How has this space evolved recently?
“Many anti-TGF-beta therapies combining with immunotherapies are successful in preclinical models. Currently, these successes have been translated to clinical trials on many cancer types.”
What are the promising combinational therapies with TGF-β?
“An anti-PD-1/PD-L1 antibody can be improved by combining it with an anti-TGF-beta neutralizing antibody treatment in preclinical cancer models demonstrated this combination strategy will be a promising cancer therapy.”
What are the crucial next steps to improve preclinical and clinical success in 2023?
“Development of mechanism-driven combination strategies will be the next crucial steps in both preclinical and clinical practices. Biomarker development will be another crucial step for success of the ongoing and further clinical trials.”
What is some of the exciting work you are looking forward to sharing?

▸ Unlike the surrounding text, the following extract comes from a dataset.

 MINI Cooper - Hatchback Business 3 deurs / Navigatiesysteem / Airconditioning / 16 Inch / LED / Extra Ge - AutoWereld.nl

“I will share our recent translational research data focusing on TGF-beta signature as the predictive biomarker. It might help to identify the patients who most likely to derive clinical benefit from different combination strategies. We will also review the current clinical data based on the literature and database to discuss how to promote the clinical studies of patient selection criteria and optimal dosing regimens.”
What are you looking forward to at the 3rd TGF-β for Immuno-Oncology Drug Development Summit?
“There remains a challenge in the development of TGF-β antagonists as cancer therapy because the outcomes observed in more than 20 cancer clinical trials using anti-TGF-beta therapies still lack consistency and fail to recapitulate the preclinical data. We are looking forward to discussing the questions about what is missing when translating these strategies from bench-to-bedside."